Es llamativo cómo el cine industrial yanqui no ceja en exprimir "ad nauseam" los filones que encuentra. En 1993, y sobre la célebre serie televisiva de los años sesenta, Andrew Davis dirigió El fugitivo, un competente trabajo de cine de acción que se benefició, evidentemente, del carisma de Harrison Ford como perseguido y del buen trabajo de Tommy Lee Jones como perseguidor. Pero aquella interesante película se prolongó innecesariamente en U.S. Marshall, donde sólo quedaba ya Jones haciendo un papel muy similar a la anterior, en una secuela no abiertamente declarada pero evidente en todos los aspectos.
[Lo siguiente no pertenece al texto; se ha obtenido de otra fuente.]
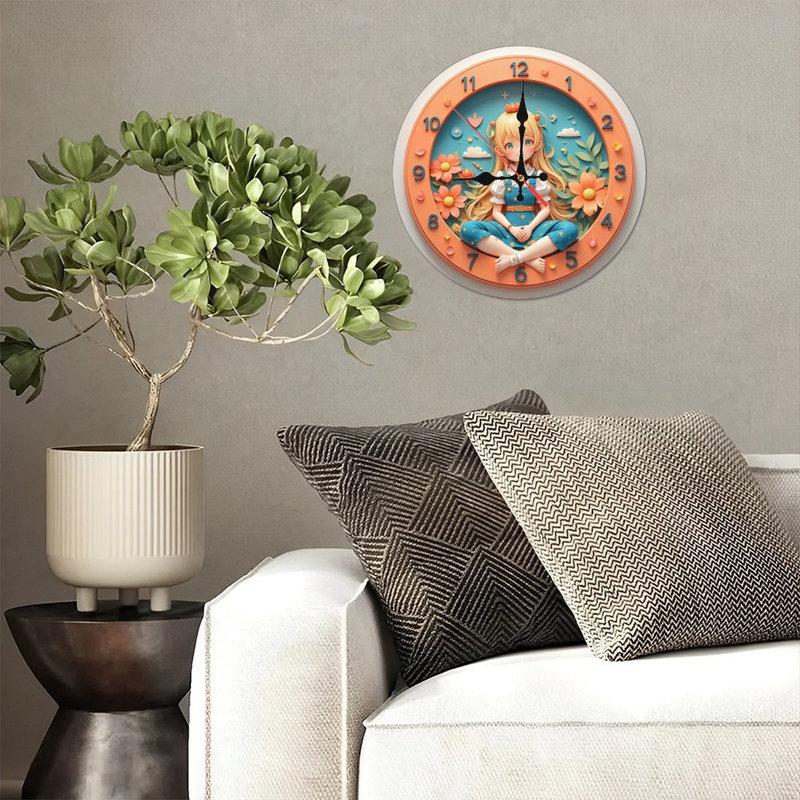 Horloge murale 10 po en MDF rond avec mouvement à quartz silencieux et crochet sans perceuse (piles AA non incluses)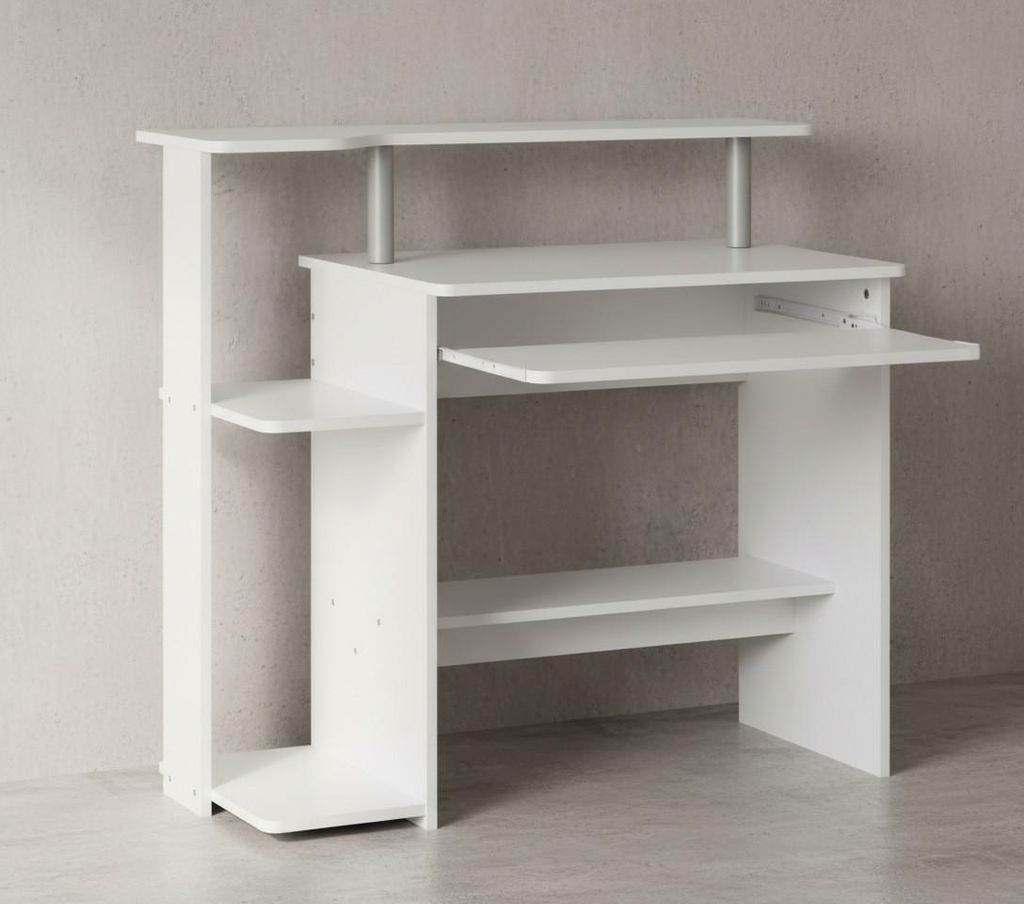 Computertisch: Zeitloses Design, Stauraum, Tastaturauszug, Spanplatte, Weiß. 94x48x90 cm | Kadima Design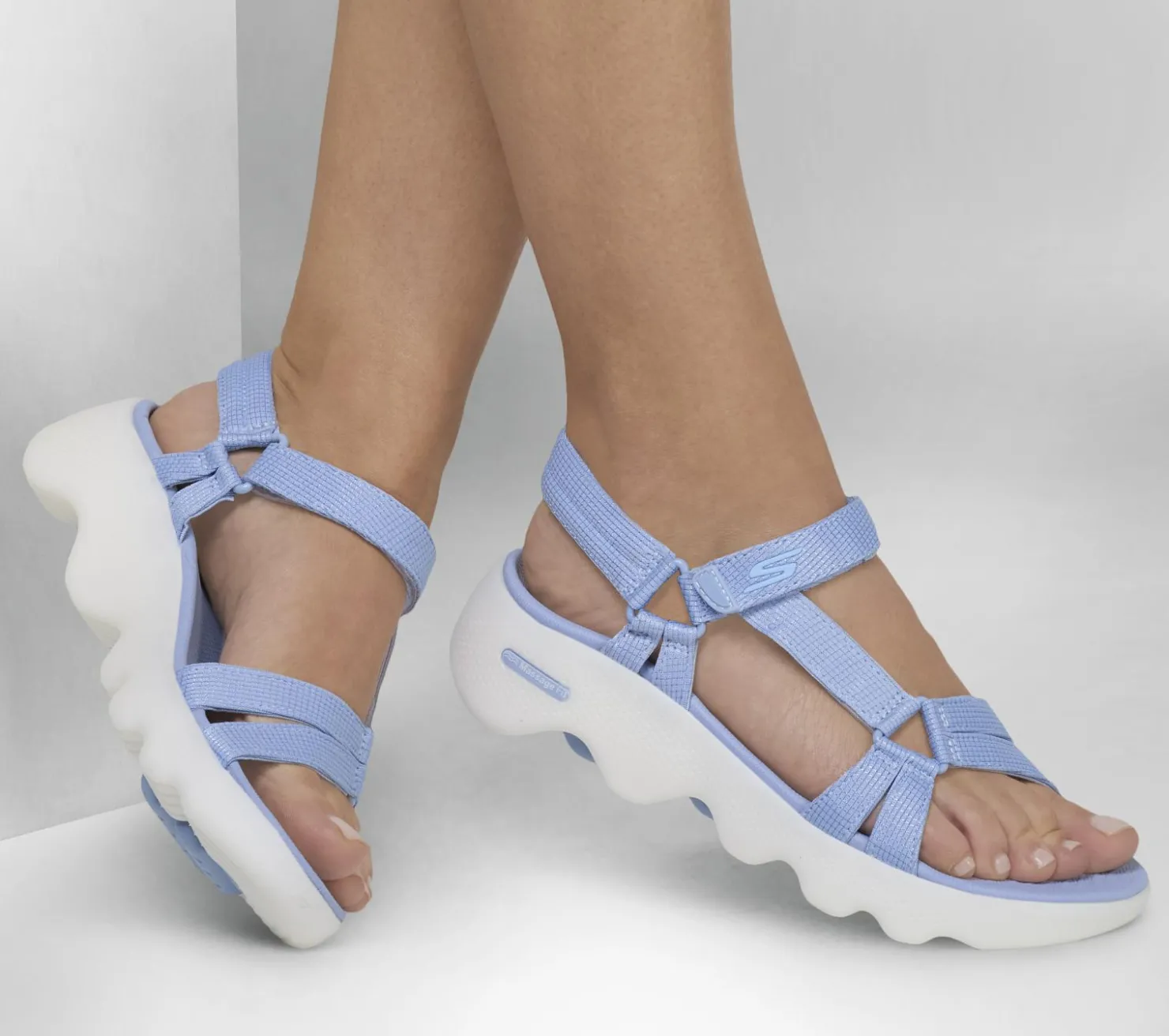 Sandals<SKECHERS GO WALK Massage Fit - Transcend PERIWINKLE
Ahora nos llega una tercera vuelta de tuerca, esta Doble traición, que, a la vista de sus buenos resultados en la taquilla USA (y, segura y lamentablemente, en la española), probablemente no será la última. Las diferencias son escasas: la más llamativa, que el fugitivo ha pasado a tener tetas, y no porque se haya hecho operación alguna, sino porque es mujer; también es novedoso (relativamente) el hecho de que el supuesto cónyuge asesinado resulte ser el villano de la función, un taimado traidor que urde una conspiración para encarcelar a su santa, cobrar una pasta y poner tierra de por medio con su amante y su hijo. Ahí se acaban las diferencias: la inocente pasará por la cárcel, y cuando salga, será perseguida implacablemente por un funcionario público, en este caso su agente de la libertad condicional. Pero nada nuevo aporta el siempre plano Bruce Beresford (cómo será de insulso que cuando su Paseando a Miss Daisy ganó el Oscar a la Mejor Película, él se quedó con un palmo de narices en el de Mejor Director) a una trama ya demasiado sobada y manida, con un guión con frecuencia inverosímil y todos los cabos sueltos del mundo.
Es cierto que Ashley Judd compone su personaje con esfuerzo, si bien es evidente que no va a conseguir ningún premio con semejante papel, y también que Tommy Lee Jones aporta sus tablas y experiencia, aunque su perseguidor carece de perfiles y resulta romo y apenas nos enteramos de nada sobre él. Tal vez lo mejor sea el refinado rufián (exquisito "gourmet" pictórico, entendido en Kandinsky, un petulante con clase) que compone el actor canadiense Bruce Greenwood, en las antípodas del angustiado padre que interpretaba en la magnética Exótica.